# Provided information:
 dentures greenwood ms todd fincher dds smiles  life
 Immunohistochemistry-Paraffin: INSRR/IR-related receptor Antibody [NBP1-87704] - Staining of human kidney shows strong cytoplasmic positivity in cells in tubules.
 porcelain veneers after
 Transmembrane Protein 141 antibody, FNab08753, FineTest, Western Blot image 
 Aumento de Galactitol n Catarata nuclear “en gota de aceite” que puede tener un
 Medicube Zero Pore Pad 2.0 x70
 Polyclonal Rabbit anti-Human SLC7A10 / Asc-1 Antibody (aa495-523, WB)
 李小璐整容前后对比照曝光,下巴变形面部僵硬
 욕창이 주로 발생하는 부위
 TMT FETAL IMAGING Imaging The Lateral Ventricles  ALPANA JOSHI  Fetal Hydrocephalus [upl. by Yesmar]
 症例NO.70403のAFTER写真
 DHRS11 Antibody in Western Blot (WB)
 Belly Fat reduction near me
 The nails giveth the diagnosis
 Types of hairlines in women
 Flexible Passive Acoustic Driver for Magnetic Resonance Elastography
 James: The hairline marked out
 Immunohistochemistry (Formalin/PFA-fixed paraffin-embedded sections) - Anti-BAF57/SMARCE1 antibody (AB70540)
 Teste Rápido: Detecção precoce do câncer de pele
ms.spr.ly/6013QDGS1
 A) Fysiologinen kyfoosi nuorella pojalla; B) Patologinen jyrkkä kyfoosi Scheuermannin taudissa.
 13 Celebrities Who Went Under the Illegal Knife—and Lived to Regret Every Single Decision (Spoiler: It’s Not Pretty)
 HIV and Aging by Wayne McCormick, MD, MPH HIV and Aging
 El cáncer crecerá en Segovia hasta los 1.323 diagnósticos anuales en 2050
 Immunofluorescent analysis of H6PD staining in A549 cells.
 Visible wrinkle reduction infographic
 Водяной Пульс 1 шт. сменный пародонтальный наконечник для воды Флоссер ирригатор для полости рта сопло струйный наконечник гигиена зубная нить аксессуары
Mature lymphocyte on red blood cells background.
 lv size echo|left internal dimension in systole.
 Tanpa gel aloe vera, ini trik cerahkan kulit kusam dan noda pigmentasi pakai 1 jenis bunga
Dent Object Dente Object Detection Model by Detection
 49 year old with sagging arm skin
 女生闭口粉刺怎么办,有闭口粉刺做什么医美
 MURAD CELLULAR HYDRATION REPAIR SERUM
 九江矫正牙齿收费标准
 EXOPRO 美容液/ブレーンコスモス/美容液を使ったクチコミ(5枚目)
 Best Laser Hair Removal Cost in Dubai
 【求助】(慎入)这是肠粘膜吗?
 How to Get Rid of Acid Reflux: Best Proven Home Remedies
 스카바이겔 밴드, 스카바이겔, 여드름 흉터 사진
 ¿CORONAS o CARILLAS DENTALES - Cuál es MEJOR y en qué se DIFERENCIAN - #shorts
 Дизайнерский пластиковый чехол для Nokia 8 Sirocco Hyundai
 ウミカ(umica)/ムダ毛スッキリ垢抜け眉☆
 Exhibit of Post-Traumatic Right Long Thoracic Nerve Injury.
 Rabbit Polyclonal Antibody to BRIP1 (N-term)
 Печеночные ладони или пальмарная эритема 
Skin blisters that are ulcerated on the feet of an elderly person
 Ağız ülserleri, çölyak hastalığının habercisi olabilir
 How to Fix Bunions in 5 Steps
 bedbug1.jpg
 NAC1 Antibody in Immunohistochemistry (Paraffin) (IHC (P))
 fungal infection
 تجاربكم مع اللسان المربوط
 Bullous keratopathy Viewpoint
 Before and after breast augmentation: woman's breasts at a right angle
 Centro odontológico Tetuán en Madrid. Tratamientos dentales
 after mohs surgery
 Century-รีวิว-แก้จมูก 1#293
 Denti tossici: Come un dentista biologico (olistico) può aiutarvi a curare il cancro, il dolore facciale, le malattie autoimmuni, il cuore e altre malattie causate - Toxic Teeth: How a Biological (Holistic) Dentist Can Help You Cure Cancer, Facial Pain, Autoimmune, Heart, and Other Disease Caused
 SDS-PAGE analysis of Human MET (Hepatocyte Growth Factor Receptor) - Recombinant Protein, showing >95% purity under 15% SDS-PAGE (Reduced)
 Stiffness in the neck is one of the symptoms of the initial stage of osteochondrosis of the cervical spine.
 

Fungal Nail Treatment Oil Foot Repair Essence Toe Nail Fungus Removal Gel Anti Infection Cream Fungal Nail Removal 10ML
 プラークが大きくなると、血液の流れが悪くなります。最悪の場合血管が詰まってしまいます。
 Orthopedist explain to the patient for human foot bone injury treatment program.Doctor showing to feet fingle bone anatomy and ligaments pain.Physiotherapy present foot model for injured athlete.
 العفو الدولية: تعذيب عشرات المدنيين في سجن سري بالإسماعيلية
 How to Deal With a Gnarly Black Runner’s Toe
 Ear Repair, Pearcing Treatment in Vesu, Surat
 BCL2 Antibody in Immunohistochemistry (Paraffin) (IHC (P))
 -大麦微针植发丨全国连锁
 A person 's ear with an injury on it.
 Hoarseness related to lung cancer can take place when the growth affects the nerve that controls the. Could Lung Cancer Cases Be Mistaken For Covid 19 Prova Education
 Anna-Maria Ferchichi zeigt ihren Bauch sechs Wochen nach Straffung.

# What you should do:
Reproduce nothing but the lines from the line containing "-大麦微针植发丨全国连锁" to the last line of the data, each exactly as written.

# Solution to this exercise:
 -大麦微针植发丨全国连锁
 A person 's ear with an injury on it.
 Hoarseness related to lung cancer can take place when the growth affects the nerve that controls the. Could Lung Cancer Cases Be Mistaken For Covid 19 Prova Education
 Anna-Maria Ferchichi zeigt ihren Bauch sechs Wochen nach Straffung.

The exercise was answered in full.